Using Google Analytics API and PHP to Ghostbust EntreCard

The EntreCard community has been all abuzz about ‘cheaters’ or ‘ghost droppers’ on EntreCard. These are people who somehow record with EntreCard that they’ve visited your site when they actually haven’t. I wrote a little bit about this in my entry Cheating at EntreCard and Finding Real Top Droppers. In that blog post, I suggested using Google Analytics to see who Google recognizes as visiting your site from your EntreCard drop box.

Since then, I’ve been using these analytics to visit those people that come to my website via the EntreCard Dropbox and visit the most pages. With that, I’ve seen more EntreCard based traffic over the past couple days than I have in nearly a year. Some of that may be simply because of the buzz about EntreCard ghosts and my current rise in popularity on EntreCard. However, it does seem like a useful strategy.

People have asked if my process could be automated, and I’m starting to work on automating it. Details are provided below. In addition, people have suggested it might be good to come up with a Quality Dropper list. Using what I’ve written so far, I can come up with the quality droppers, in terms of the number of page views, that I see. However, I could make this more useful if I had similar data from other sites. If you’re interested in submitting your own data, there are a couple different approaches.

One method, for a simple one time analysis, you could go to the Google Analytics page for your site. Click on Traffic Sources, Referring Sites, and EntreCard in the list. Set Show Rows to 500 to get the most data, and then click on Export TSV. Send the Tab Separated Values file to me and I’ll add it to my analysis. For ongoing analysis, if you give me read access to the Google Analytics for your page I can include your site in the automated analytics I’m building.

Send your TSV file to aldon.hynes at orient-lodge.com, or give the same address read access to your Google Analytics User Manager and drop me a note about it.

For those who want to build their own automated analytics, here is how I’ve been approaching it:

In the Google Analytics Data Export API - Protocol (v2), there is an example of a script that can be used to retrieve data.

The first thing I needed to do was retrieve the table ID for the site that I want to see the analytics for. I currently have many sites I track Google Analytics for, but for my own account and for various people I support. Once I found the table ID, I could take the sample code in the ‘Retrieving Report Data’ section, and modify it for my own purposes.

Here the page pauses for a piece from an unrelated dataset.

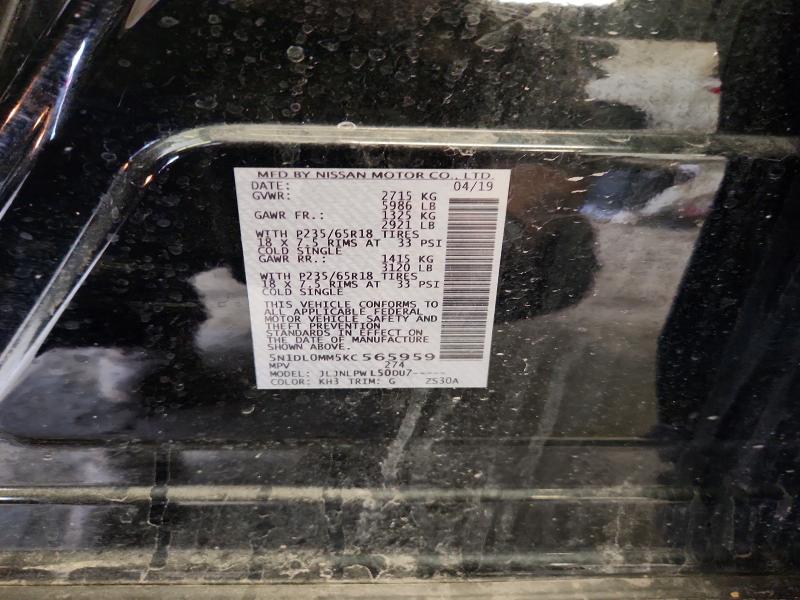 Продажа на аукционе авто 2019 Infiniti Qx60, vin: 5N1DL0MM5KC565959, номер лота: 46568416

Specifically, I changed the dimensions to ga:referralPath and the metrics and sort criteria to ga:pageviews. I changed the filter to ga:source%3D%3Dentrecard.com so I would only get the results for EntreCard and I changed the max-results to 500 to get as many sites as possible.

The resulting data was an XML file that I parsed using PHP’s SimpleXML function. With that, I then generated the sample data:

Update: This is the data I initially presented in my blog post, but as Glenn points out, 40% of the users have moved on. I hadn't changed the default time range that Google provides.
16120 - 21

24624 - 18

8892 - 18

9654 - 18

23485 - 17

For a more up to date list, this is for January 2010:
41616 - 35

9654 - 24

50160 - 21

38558 - 19

5933 - 18

End of Update

This is a list of the EntreCard users that visited my site the most during the period I requested data for. It shows their EntreCard userid, the number of visits they produced, and is a link to the EntreCard User Detail page.

The code still needs a little work, but I’m willing to share it with others that are interested. If you have additional ideas or comments, please let me know.